As there are thousands of test-capped players, we need to sensibly restrict the data. Firstly, time-wise we will only look at players whose careers started after the 1st of January, 1990. This is the same cut-off point as the previous article on averages by opposition. This allows comparisons to be made between the two sets of results.

The second constraint is also for reasons of time: we shall only look at players with at least 50 Test caps. This means that each player will give us plenty of data to work with.

These are the players we ended up with:

We then worked out how many runs each player scored in each year of their life, and how many dismissals they had. For each age, we can then add up the total runs made by players at that age, and divide by the total dismissals. We are treating the age a player turns in a particular year as their age for the whole year, as it was far easier to find figures on a calendar-year basis. So if a player was born in (for example) July 1975, then any runs they score in 1995, even if they were before July, count as scored when the player was 20.

The Results

As we are looking at 84 players, over 23 potential years (players in our sample played between ages 18 and 40), then our full data would take up too much space to replicate here. Instead, here is the final averages we got for each age, and their graph:

Influences on the Data

Quality - is our data skewed in any way by the fact we only chose players with at least 50 caps? These generally will be the best players from their nation over the time period, otherwise they wouldn't have been chosen so often. Therefore we can expect their batting averages to be higher than the norm. However, there is no indication whether they would have an effect on a particular age range more than others. So we cannot categorically state how this affects the data without running the same tests with no restrictions on caps.

Quantity - we have 84 players in our database, with over 10,000 dismissals between them.
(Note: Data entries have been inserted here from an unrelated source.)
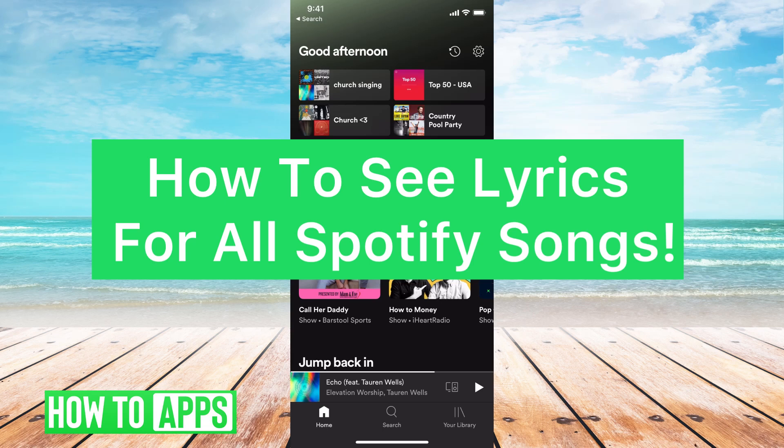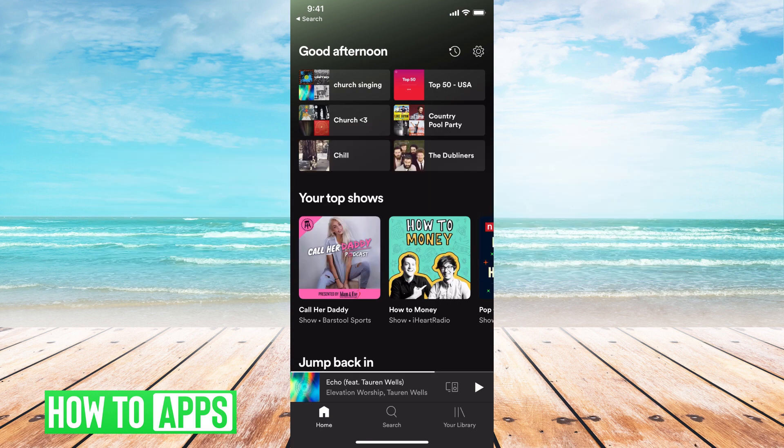Hey guys, it's Mikayla, and today I'm going to walk you through how to see lyrics for all Spotify songs. It's pretty quick and simple, so let's jump in.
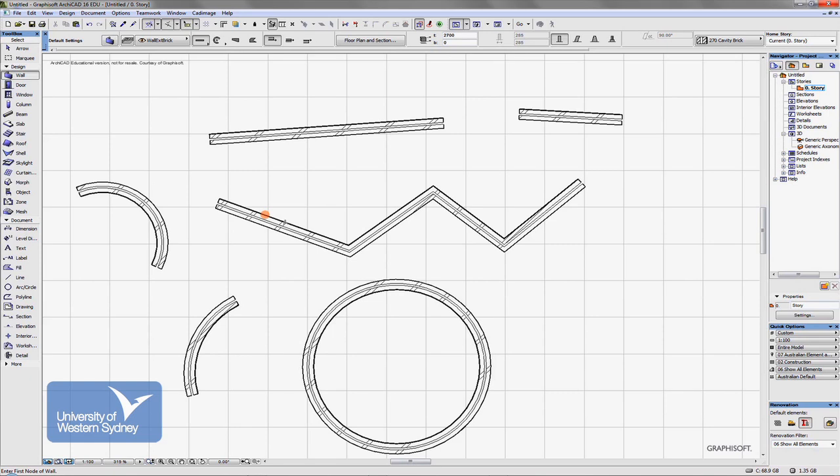OK. So I would suggest you have a good play with that. Just get familiar with where things are. You might want to have a play with the tools and I'll spend a bit of time looking at how more of these tools work in a moment.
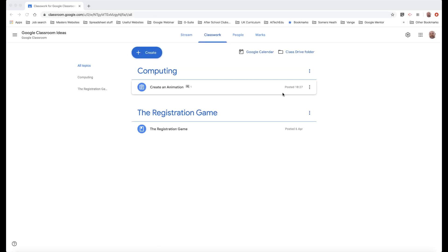Hi everyone. One of the issues that we found using Google Classroom is this whole idea of using PDFs, because when you add a PDF to Google Classroom and then expect parents to download the PDF, print it, and then re-upload it — we need to find a better way of doing that. We can still use PDFs, but we need to think of ways of using them better.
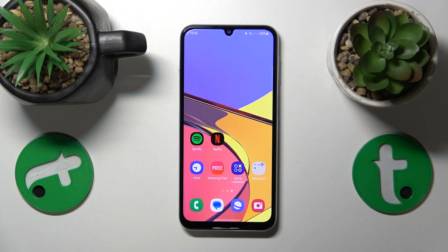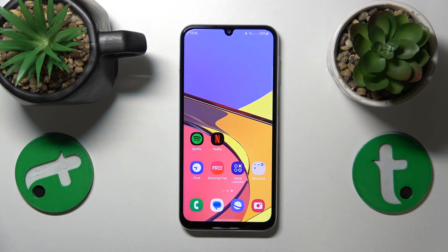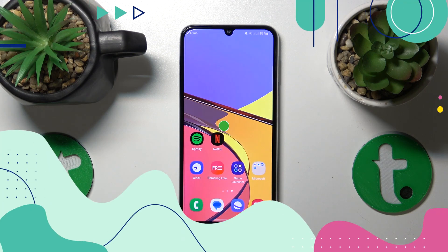This is Samsung Galaxy M34 and today I'll show how you can set Opera as your default browser app on this device.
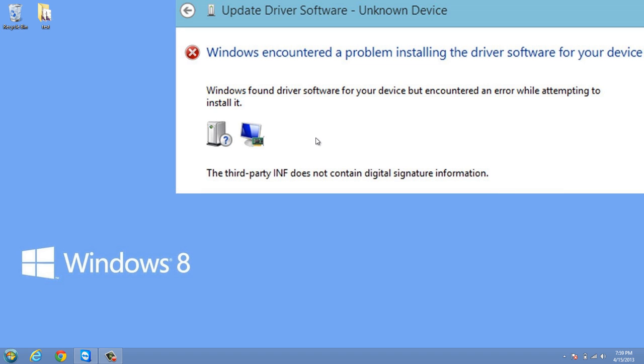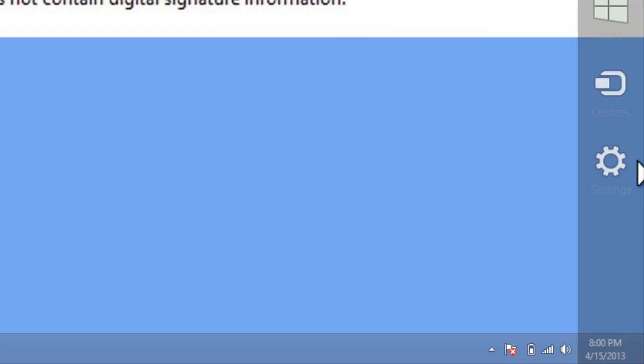So I'm going to show you how to solve this in a few simple steps. Step 1 is to bring up the charm bar and then click on settings.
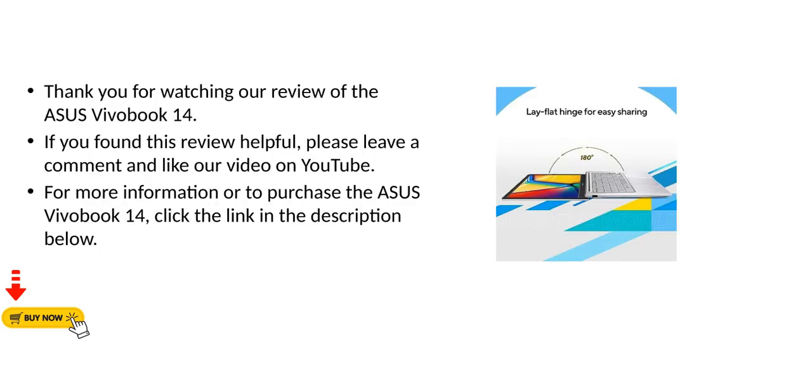Thank you for watching our review of the Asus Vivobook 14. If you found this review helpful, please leave a comment and like our video on YouTube. For more information or to purchase the Asus Vivobook 14, click the link in the description below.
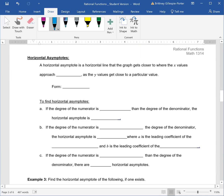Next we have horizontal asymptotes. Horizontal asymptotes are horizontal lines — remember, horizontal lines go left to right, like you're looking at the horizon — that the graph gets closer to, where the x values approach positive or negative infinity as the y values get close to a particular value. Since they are a horizontal line, they are in the form y equals some number. With horizontal asymptotes there are more rules attached, and we have to look at the degree of the numerator and the degree of the denominator.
However, as we've discovered, players seemingly peak in their early 30's, so those players are more likely to be chosen. The graph below shows how many players we have in our database for each age:

Bowlers - one influence on our data, which might pose a problem with biasing the results is the impact of bowlers. It is generally considered that fast bowlers' careers are over quicker than spin bowlers and batsmen. This is due to the physical exertions they have to go through, as well as they rely a lot on their physical attibutes. This is why the highest wicket-takers in Test history are spin bowlers.
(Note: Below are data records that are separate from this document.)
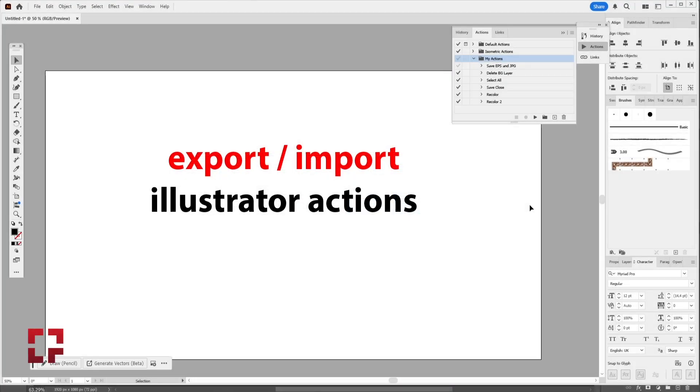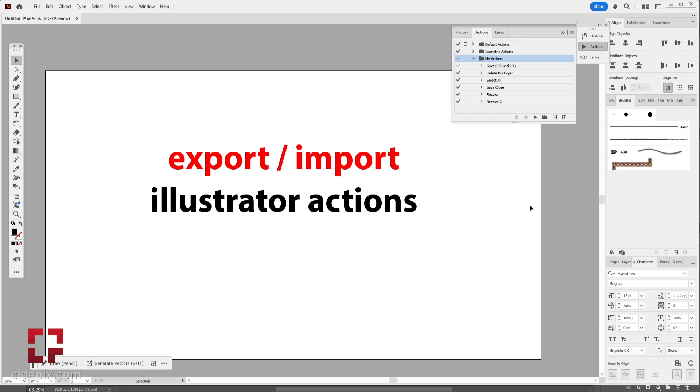Hello. In this video, I'm going to show you how to export and import Illustrator actions so that you can use them on another installation. This also works if you want to export your CS6 actions and use them in later versions of Illustrator. Without much ado, here is how you do it.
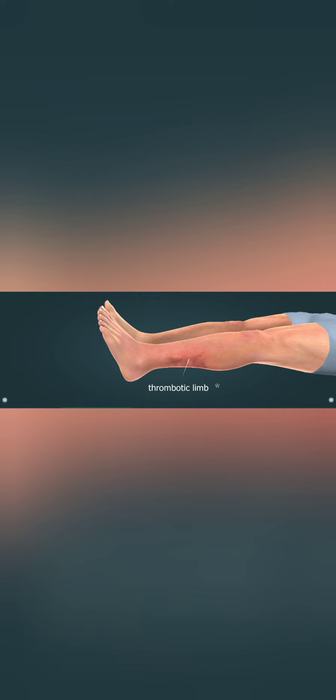Thrombosis can be prevented by taking anticoagulants such as heparin or vitamin K antagonists.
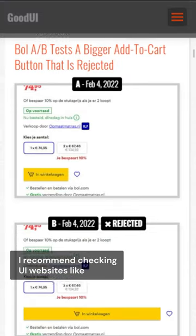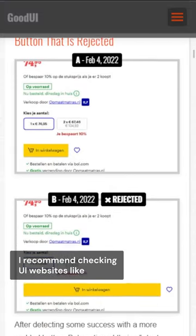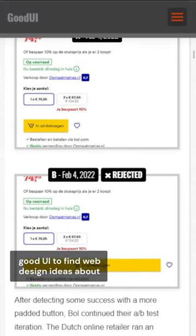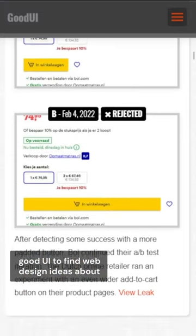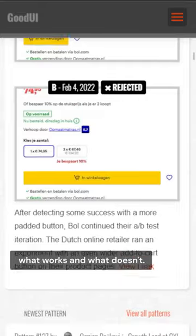I recommend checking UI websites like GoodUI to find web design ideas about what works and what doesn't.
Naturally, a player who is a specialist bowler will generally have a lower batting average than a specialist batsman (especially the calibre of batsmen on our list). Therefore if we have a group of players dragging down the average for only the earlier years, then this affects our data. Therefore we decided to try and take this into account. However, rather than looking at each individual player and working out their role (for instance, looking at whether certain players are batting all-rounders, or bowling all-rounders), we decided to exclude all players with an average below 25.00. Those results were:

Normal Distributions

The calculations behind the normal curve are a little complicated to explain here, but it turns out it is a very good approximation of how a lot of real-life data is distributed, from the heights of people to the lengths of songs. In the diagram to the left, σ (sigma) represents the standard deviation of the data, and μ (mu) is the mean. If you have the mean and standard deviation of a set of data, it can be easily modelled as a normal distribution.

Individual Teams

It would be a waste not to use the information we've collected and use it to look at individual nations. First of all, we will look at the number of players on the list. On the graph below you can see (in blue) how many players each team contributed to our list, and in red you can see how many matches each team has played from 1990 onwards. On average, teams played 20 more games than they had players with over 50 caps, so we divided the amount of games by 20.
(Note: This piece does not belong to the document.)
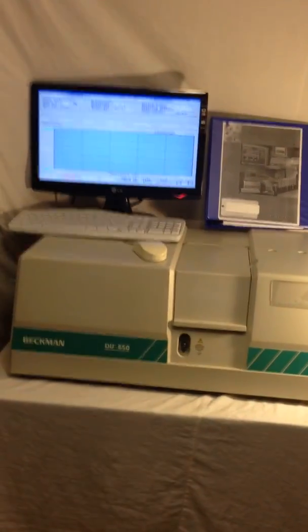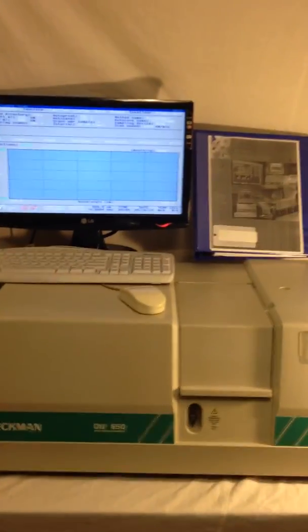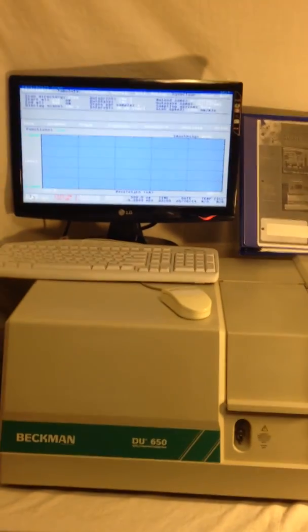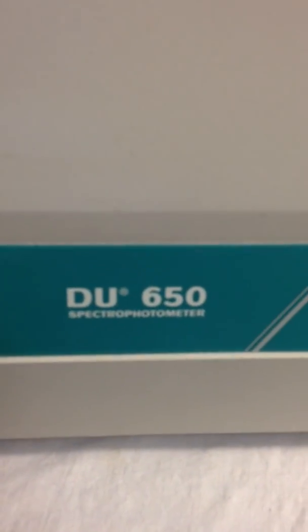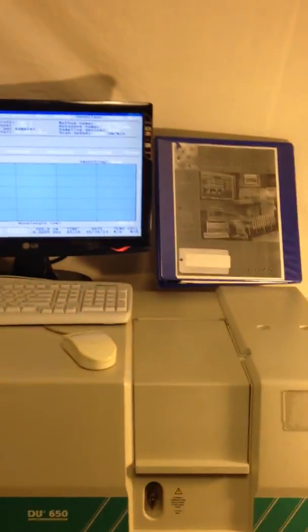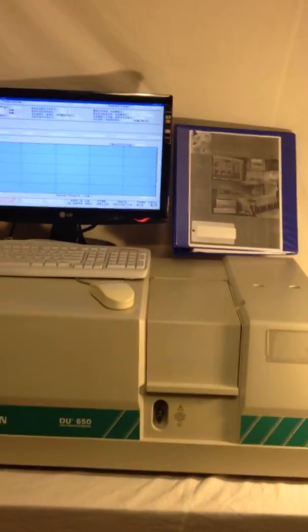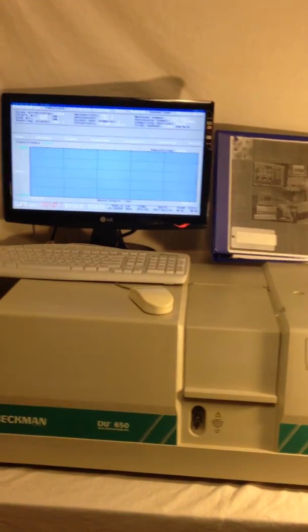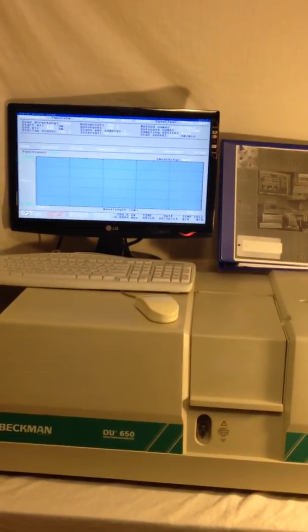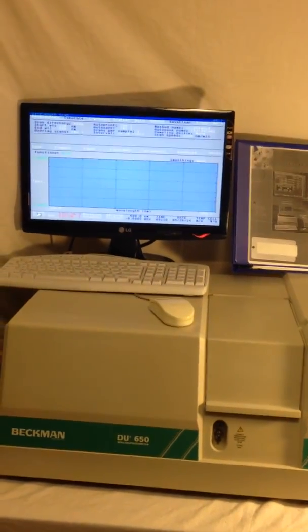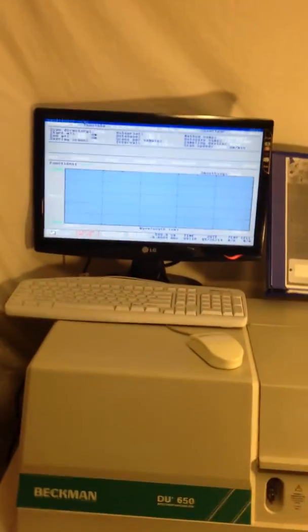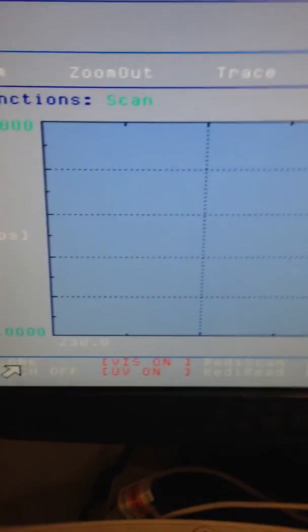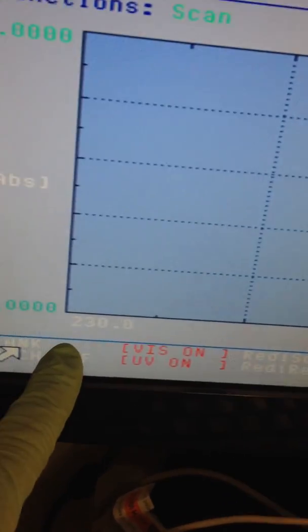Hello, you're looking at a Beckman DU 650 UV-visible spectrometer. We are testing the performance of this instrument with sodium chromate, which has an absorption region between 230 nanometers to 500 nanometers.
However, this argument does not extend to England - they were very poor during the 1990s, yet have a huge amount of players with over 50 caps. This seems to indicate that England tend to stick with players for a medium duration of games, before giving someone a turn. This indicates that perhaps they are too slow to replace poor players.

Much more understandably, the two most successful Test nations during this period, Australia and South Africa, have the most players with over 50 caps.

We can also look at the average age of players in our database. This is inexact, as it's unlikely that 18 year-old players play as many games per year as a 30 year-old, however it still allows us to compare the different nations. We have excluded Bangladesh as they only have one player in the list. Here is the result:

What is interesting to note is that every team's average is below 30, with only Australia and Sri Lanka above 29. As we've discovered, the peak for batsmen is between 31 and 32, so perhaps some teams need to try older batsmen in order to gain an advantage.

Conclusion

We've found that batsmen peak around the ages of 31-32. We also saw that fast bowlers skew the data due to their earlier retirements. Most satisfyingly, we also saw that the age of batsmen is a very close approximation to a normal distribution.

Sources

Statsguru - used for collecting career statistics of our players.

Wikipedia - this link will take you to an article on the bean machine. This was invented over 100 years ago as a way of demonstrating the normal distribution in action. Wikipedia was also used to find which cricketers had over 50 caps, and for the diagram of the normal distribution used above.